ABOUT THIS TASK =>
The finished copy should match every record exactly and contain no pictures.

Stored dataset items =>
━━━━━━━━━━━━━━━━━━━━

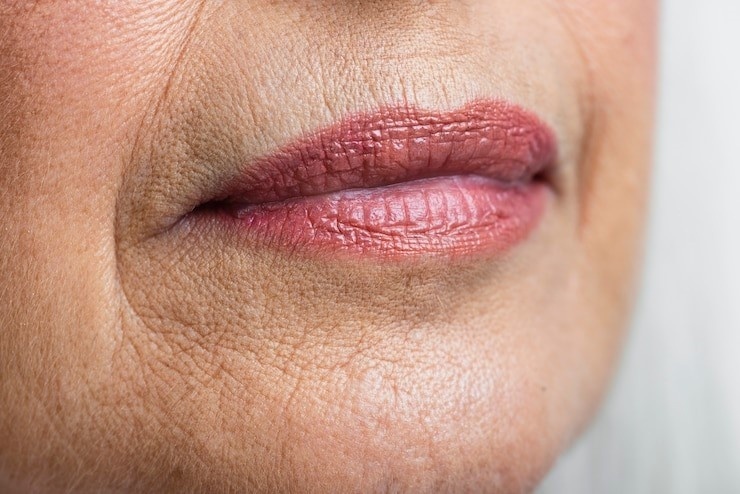 Wie beugt man Falten und Fältchen auf und um die Lippen herum vor und wie behandelt man sie?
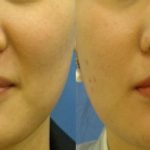 PRP skin rejuvenation - before and after image 03 - Academy Face & Body Perth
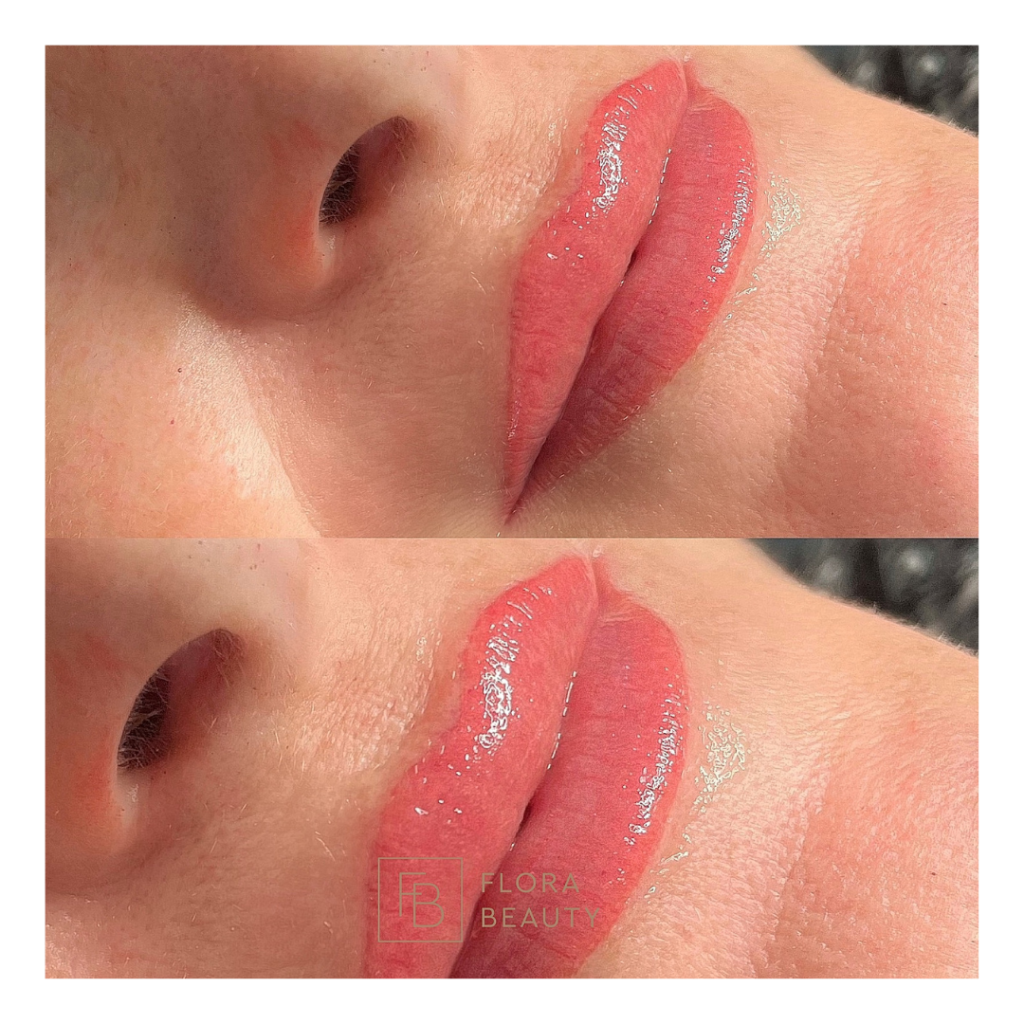 Natürlich volle Lippen – perfekte Lippenform – klare Lippenkontur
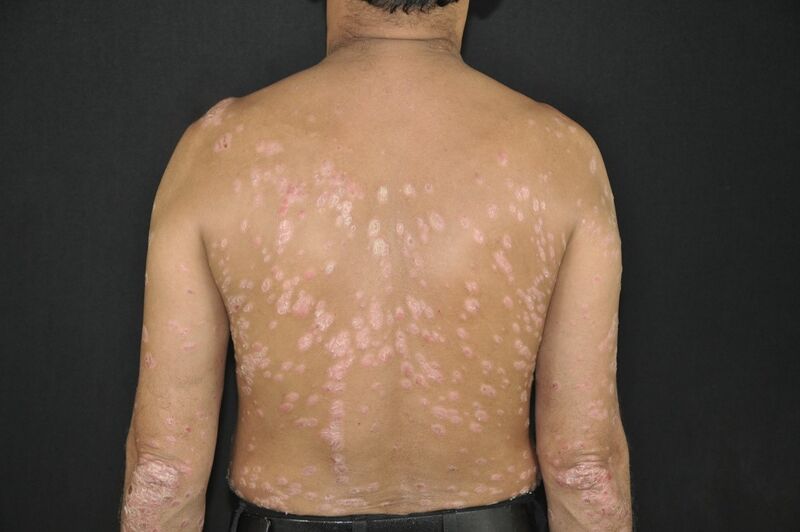 File:Fig 1- Guttate Psoriasis.jpg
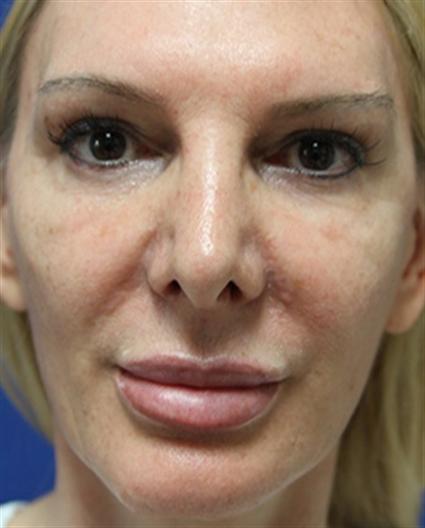 forehead-contouring-before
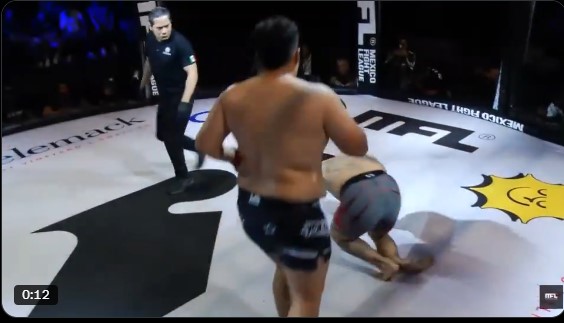 ММА боец с брутално счупване на крака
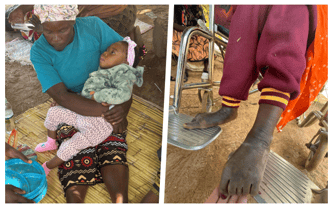 Wózki inwalidzkie dla chorych w buszu – pomóż Siostrze Józefie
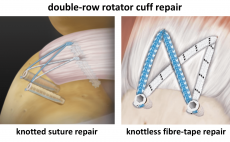 Fig 16. Double-Row Rotator Cuff Repairs - Cambridge Shoulder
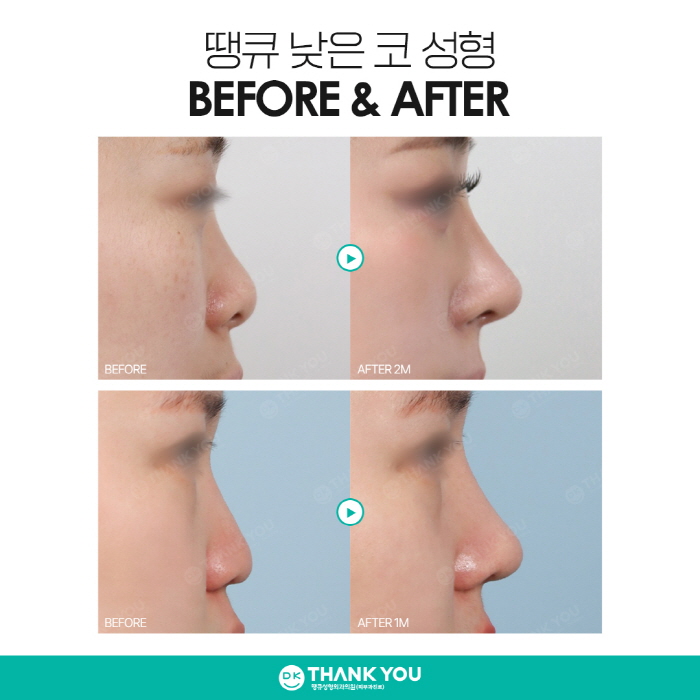 낮은코성형, 완성도 높은 결과를 얻고 싶다면 주목! 관련 이미지 7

━━━━━━━━━━━━━━━━━━━━

WORKED SOLUTION =>
 Wie beugt man Falten und Fältchen auf und um die Lippen herum vor und wie behandelt man sie?
 PRP skin rejuvenation - before and after image 03 - Academy Face & Body Perth
 Natürlich volle Lippen – perfekte Lippenform – klare Lippenkontur
 File:Fig 1- Guttate Psoriasis.jpg
 forehead-contouring-before
 ММА боец с брутално счупване на крака
 Wózki inwalidzkie dla chorych w buszu – pomóż Siostrze Józefie
 Fig 16. Double-Row Rotator Cuff Repairs - Cambridge Shoulder
 낮은코성형, 완성도 높은 결과를 얻고 싶다면 주목! 관련 이미지 7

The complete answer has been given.